Among the Quakers, banished from Massachusetts, was a family by the name of Southwick. October 19, 1658, the Southwicks were ordered to depart from the colony before the spring elections, namely, to depart in a New England winter; but having no way of going, except on foot, their cattle having been previously seized and sold to pay fines, and they left well-nigh penniless, they remained in the colony, and the following May, says Mr. Adams, “found them once more in the felon’s dock.” When arraigned, they asked what wrong they had done. The judges answered that they were rebellious for not going as they had been commanded. “The old man and woman piteously pleaded ‘that they had no otherwhere to go,’ nor had they done anything to deserve banishment or death, though?100 (all they had in the world) had been taken from them for meeting together.” 348
But their plea was of no avail. “The father, mother, and son, were banished under pain of death.” “But their misery was well-nigh done; they perished within a few days of each other, tortured to death by flogging and starvation.”
Whole columns might be written descriptive of the cruel injustice perpetrated upon inoffensive Baptists and Quakers in New England. The record of fines, imprisonment, whipping, and banishment, and hanging, is a long one; but we spare our readers.

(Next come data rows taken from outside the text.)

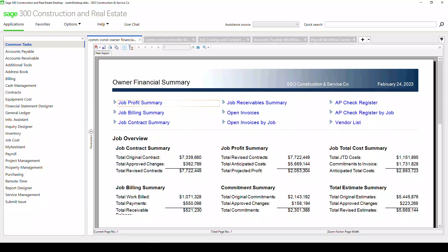Hi, this is Brett Hotson. I'm going to provide to you an overview of Sage 300 CRE, otherwise known as Timberline Software. Sage 300 CRE is a very comprehensive, full-featured job cost accounting project management system.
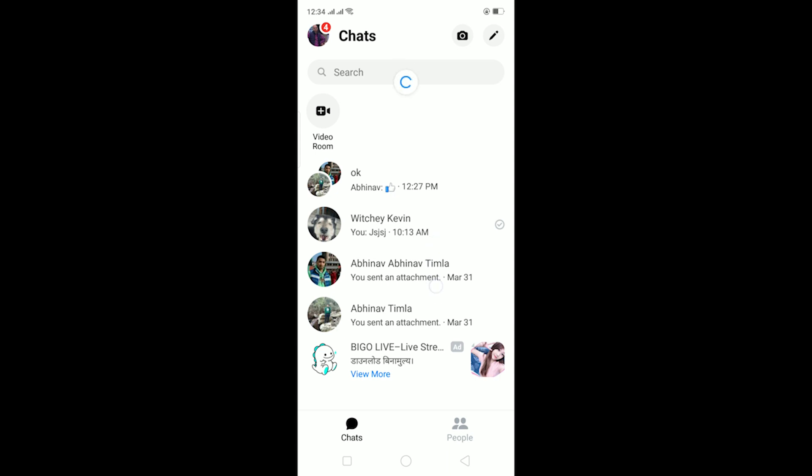Without any further ado, in today's video I'll be teaching you guys how you can solve your switch account problem in Facebook Messenger. Let me show you what this problem is. I'll try to switch my messenger account from here.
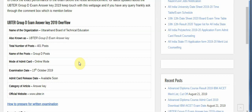UBTER Group D answer key overview: Uttarakhand Board of Technical Education Group D exam — 401 posts, online mode examination date 13 October 2019. The admit card release date will be available soon. Category: answer key. Official website: ubter.in.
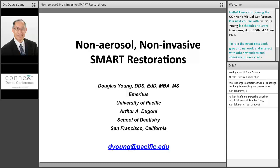Once you have done that, we would like you to go ahead and give us a shout in the Q&A box to let us know how many of these Connects courses you've attended. If this is your first one, welcome and thank you for joining us.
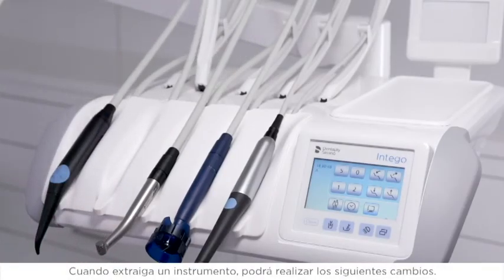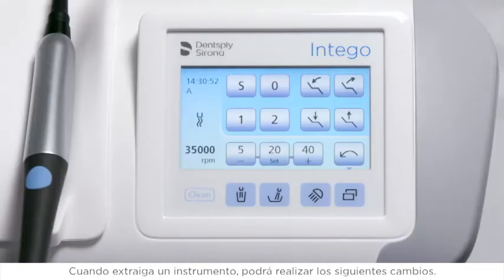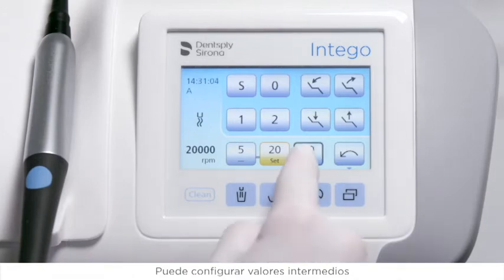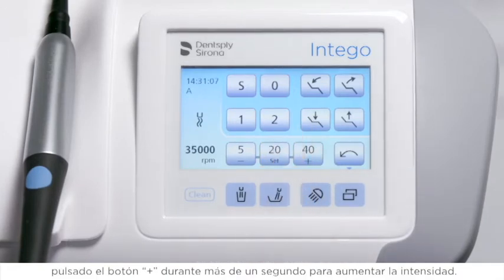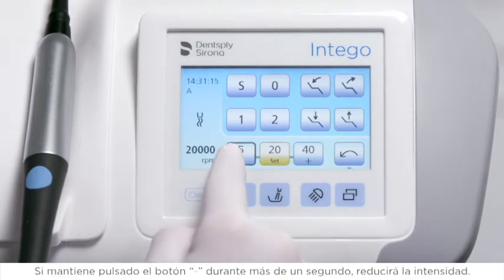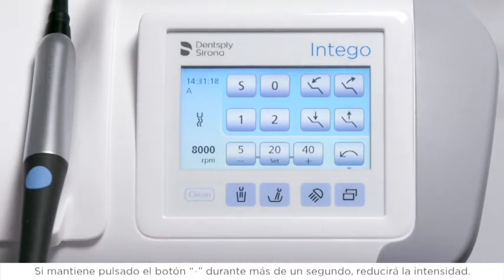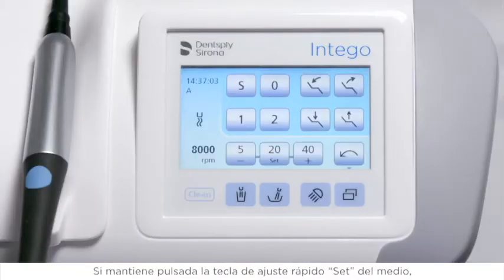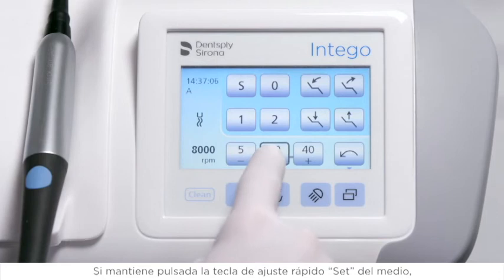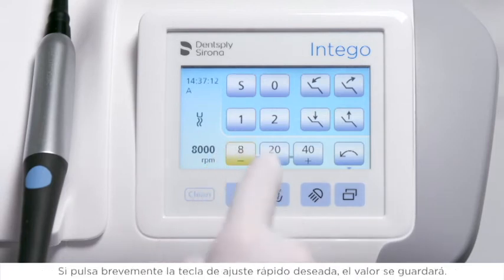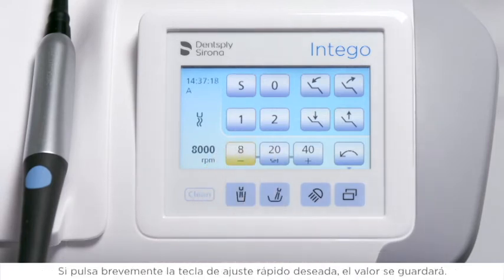When the instrument is removed, you can make the following changes. The preset value on the quick setting keys can be selected by touching them briefly. You can set intermediate values by pressing and holding the plus button for more than one second to increase intensity, or the minus button for more than one second to reduce intensity. Each quick setting key can be preset individually. Pressing and holding the middle quick setting key activates the programming mode and the values flash on the touch panel. By briefly pressing the desired quick setting key, the value will be saved.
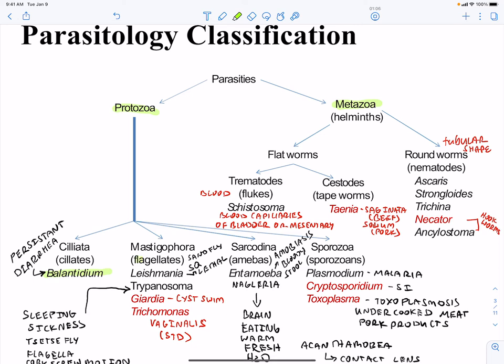Our flagellate protozoa include Leishmania. Leishmania is transmitted by a sandfly. If it is a subcutaneous type infection it is going to be lethal, whereas if it's a superficial infection it is going to be cleared.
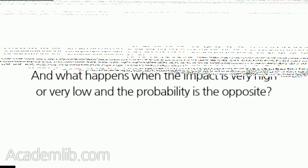And what happens when the impact is very high or very low and the probability is the opposite? If the organization is especially averse to high-impact risks, the resulting severities can be modified to reflect this desire no matter what scale is used. In Figure 8-2, a low probability combined with a high impact results in a medium severity while a high probability with a low impact results in a low severity.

These details are revolting, and the reader wonders that such things could have taken place. But why regard with horror the dark records of injustice in past centuries, when in our own day similar scenes are enacted. Already fines have been imposed; imprisonment has been endured; innocent men have been driven in chain-gangs; banishment has been indirectly attempted; and whipping and death must soon follow. In scores of cases, it has been heartlessly said of Adventists—“If they do not want to conform to our customs, let them leave the country.” But where shall they go? The New England Baptists and Quakers had the trackless wilderness to which to flee. Roger Williams first found an asylum with the Indians, and subsequently settled in Rhode Island, founding a colony there. But where shall the persecuted Sabbath-keeper go? Were he to flee from the persecutions of civilized, “Christian” men, where are the savages with whom he might find refuge? where the wilderness in which he could plant a colony and make for himself a home?
Moreover, many of these people, if they were to go out at all, would have to go as our illustration shows the Quakers of New England going, stripped of all earthly possessions except the clothes on their backs. Injustice and oppression are robbing them of their goods, and when finally they are driven out, they will go penniless.
And yet this is neither China, nor Russia, nor Turkey; it is “free America;” neither are we living in the seventeenth century, but in the closing decade of the nineteenth, surrounded with all the influences of “Christian civilization,” warned by the history of the Dark Ages, and taught by the experience of a century of civil and religious liberty. But our boasted civilization, like Rome, is crumbling under its own magnificence; the light of liberty is going out, extinguished by human selfishness.
Is there, then, no hope? Yea, verily: God lives, and when his people, weaned from earth by the things that they suffer, cry day and night for deliverance, “he will avenge them speedily.” 349 “Be patient, therefore, brethren, unto the coming of the Lord. Behold, the husbandman waiteth for the precious fruit of the earth, and hath long patience for it, until he receive the early and latter rain. Be ye also patient; stablish your years: for the coming of the Lord draweth night.” James 5:7, 8.